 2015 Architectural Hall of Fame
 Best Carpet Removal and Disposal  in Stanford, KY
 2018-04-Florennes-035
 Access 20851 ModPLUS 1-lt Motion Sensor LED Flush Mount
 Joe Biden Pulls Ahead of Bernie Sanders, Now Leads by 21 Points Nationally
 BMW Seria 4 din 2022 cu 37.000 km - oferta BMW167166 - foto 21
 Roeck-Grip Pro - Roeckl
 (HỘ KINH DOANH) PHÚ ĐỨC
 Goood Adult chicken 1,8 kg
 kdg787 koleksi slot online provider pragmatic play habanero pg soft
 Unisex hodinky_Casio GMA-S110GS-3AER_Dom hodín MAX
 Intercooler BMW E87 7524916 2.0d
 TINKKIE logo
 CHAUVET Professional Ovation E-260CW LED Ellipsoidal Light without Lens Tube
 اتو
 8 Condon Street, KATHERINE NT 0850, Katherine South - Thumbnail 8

■ Work to be completed
Start from the line that holds "Intercooler BMW E87 7524916 2.0d" and print each line to the end of the records exactly, leaving out everything before it.

■ Your solution
 Intercooler BMW E87 7524916 2.0d
 TINKKIE logo
 CHAUVET Professional Ovation E-260CW LED Ellipsoidal Light without Lens Tube
 اتو
 8 Condon Street, KATHERINE NT 0850, Katherine South - Thumbnail 8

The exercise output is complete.